Hillman figured he would return to the United States after three years, but he fell in love with New Zealand and has lived there since. He became a dual citizen in 2008, and while he lost touch with American sports, he always cherished his memories of the Senators and of meeting Williams, especially as he grew older and developed a greater appreciation of the Splendid Splinter’s stature in baseball history.

“People ask me about the things I miss most about the States, and the very first thing on my list is sitting in a baseball stadium, eating a hot dog and drinking a beer,” said Hillman, who now works as an executive coach.

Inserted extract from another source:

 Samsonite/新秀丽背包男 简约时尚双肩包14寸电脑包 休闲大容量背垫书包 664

Angelino’s mother collected as many copies of the photo in the Daily News as she could find, and she enjoyed recounting the story of that afternoon with her daughter until her death in 2012. Angelino would sometimes wonder what happened to the smiling boy standing next to her in the photo. Last May, she was going through plastic containers of photos and documents her mom had saved over the years with her cousin, Bonnie, who was visiting from North Carolina. Bonnie suggested they try to find Hillman on Facebook. It only took a couple of minutes.

“Even though his profile said he lived in New Zealand, to look at his picture, there was no mistaking that smile,” said Angelino, a software programming instructor who recently moved to Pennsylvania with her husband, Bob, but still commutes to D.C. once a week.

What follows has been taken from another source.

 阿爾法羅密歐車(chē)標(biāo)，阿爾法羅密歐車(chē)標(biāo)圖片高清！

After Bonnie facilitated their reintroduction, Angelino and Hillman began emailing back and forth, once or twice a month. They traded stories of growing up in D.C. and shared details about their lives since their two brief encounters over the span of one week 50 years ago. Angelino told Hillman how she wrote to the Nationals the season after baseball returned to D.C. and, still annoyed by the “princess” moniker, asked if she could be a batboy for a day. Instead, the team invited her to throw the ceremonial first pitch before the team’s final game at RFK.

Hillman told Angelino he traveled back to the United States at least once a year to visit family, including his two daughters and two grandsons in California, and his two brothers and sister in the D.C. area. After initially kicking around the idea of making a stop in Pennsylvania during his next U.S. trip, Hillman and Angelino decided a 50-year reunion at Nationals Park in July would be more fun.

About an hour before last Saturday’s matinee, Hillman was standing at the media and suites entrance to the ballpark with Alex, his friend and business partner from New Zealand, and Alvin, his older brother. Minutes later, Angelino passed through security with her husband. She was wearing a 50-year-old Senators giveaway T-shirt and smiling as wide as she was when the two kids met Williams in 1969.

“How hilarious is this?” Hillman said after the two shared a warm embrace.

“It was unexpectedly more emotional than I thought it would be,” Angelino said. “It was almost like going back to my childhood again. I was able to relive a little bit of history and go back and have all those memories. I just wish my mom could be here, because she would’ve been beside herself."

When the Nationals got word of the planned reunion a couple of months ago, they gave Angelino and Hillman four VIP tickets in the Delta Club behind home plate and arranged for them to go on the field before the game. While the grounds crew prepared the infield, Angelino and Hillman chatted and posed for photos near the seats where they would be featured on the scoreboard after the first inning. Nationals Manager Dave Martinez emerged from the dugout and, while he didn’t come bearing All-Star Game tickets, he spent a couple of minutes asking the two about their Facebook-enabled reunion.

“I rank this as one of the top five experiences of my life,” said Hillman, who enjoyed two hot dogs and two beers during the game, his first at Nationals Park. “I haven’t quite sorted through what got bumped to six, but seriously, this is awesome."

Angelino and Hillman stayed until the final out of the Dodgers’ 9-3 win, which was, incidentally, the same score of the 1969 All-Star Game. Afterward, Angelino gave Hillman a copy of the photo he had lost years ago to take back with him to New Zealand. They agreed to keep in touch and plan to go to another game when Hillman visits next summer.

“It’s a lifelong friendship now,” Angelino said.